Compare the NPP performance on the purchasing power of the Ghanaian to that chalked under the NDC: in 1993, the minimum wage was ¢460, way below the dollar, with $1 exchanging for ¢649.06 and the rate of inflation over the year measuring at 27.7%.

Over the next eight years under President Jerry John Rawlings the cedi depreciated by nearly 1000% (in fact 962%), well below the accumulative rise in the minimum wage (813%), which forever remained under $1.

With the minimum wage above $2, what it means is that if it can be adhered to by all employers in the country, then Ghana should rise significantly above the African statistics, which put the majority of the people below the $1 mark. The production of Ghana’s number one export earner, cocoa, was 258,000 tonnes in 1981. In spite of all the efforts to increase production, the volume had decreased to 243,000 tonnes at the end of 1992. But, the NDC almost doubled it to 437,000 tonnes in 2000. The NPP pushed it further up to record yield of 740,000 tonnes in 2006.

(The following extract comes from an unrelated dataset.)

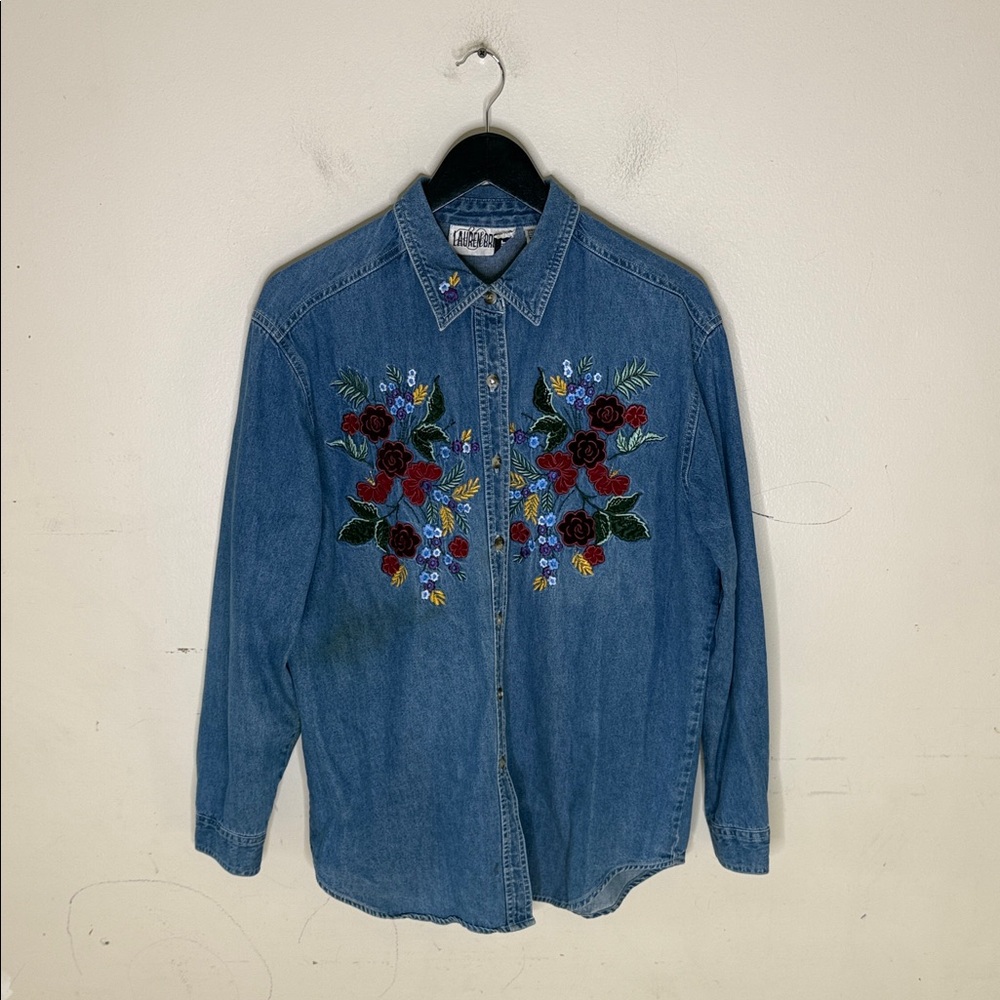 Lauren Brooke Vintage Embroidered Denim Shirt with Floral Design Large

Corporate Tax rate which was 35% for all the eight years under the NDC was reduced last year to 25%.

Ghana’s international reserves stood at $202 million at the time the PNDC accused the Limann government of emptying the coffers. By the end of the Rawlings era in 2000, Ghana’s reserves, which could only cover less than a month worth of imports, was $233.4 million. It stood at ¢2.3 billion cedis in 2006.

Probably, the best indicator of the economic trends is the rate of inflation. Inflation stood at 100.4% in 1981. The PNDC managed to push it radically down to a very respectable 13% when they left office. Yet, by 2000 it had continued its see-saw journey to end the year at 40.5%. Last year it was 10.5%. Inflation rates are not determined about by any means alien to the Ghanaian consumer. Every month, researchers of the Ghana Statistical Service visit various markets throughout the country to find out the prices of basic commodities.

In the words of a government spokesperson, "When they take the prices of the commodities, they compare them with the prices of the same commodities in the past. From this comparison, they are able to tell us how slowly or quickly the prices of things are changing. In other words, from the comparisons, they give us the rate of inflation.

"So, how true is the talk that pockets are still empty, despite of the macro-economic gains? The talk may be true to the fact that you may be unemployed or your income has not increased."

Kwaku Kwarteng, Government Spokesperson for Finance, thinks inflationary movements should be of interest to all of us.

Good living, he says, is all about being able to buy the things you need. "The more things the money you have can buy, the more satisfied you would be. Which is why we have to be interested in inflation because inflation has a way of stealing money from our pockets." Inflation steals your income if the prices of goods you normally buy rise above your income.

"It is clear that if the rate of inflation is high, then a lot of our money gets stolen from us with time. And if the rate of inflation is low, then only a small amount of our money gets stolen by inflation," Mr Kwarteng says.

But, the heightening of the rural-to-urban migration drive seems to be shifting poverty from the countryside to the cities. A Survey on Urban Development and Economic Growth shows urban poverty to be increasing, while poverty has, on a whole, declined in many parts of the country.

The survey conducted by the World Bank and supported by Ministry of Finance and Economic Planning and the Ministry of Local Government, Rural Development and Environment targeted strategic areas as urbanisation and market, decentralisation and local economic development.

The survey indicated that every region of the country has seen a decline in poverty since the 1998/9 survey, with the exception of Upper West and Greater Accra. In the latter, continued rural to urban migration, especially of those from the poorer areas of Ghana, may explain the anomaly.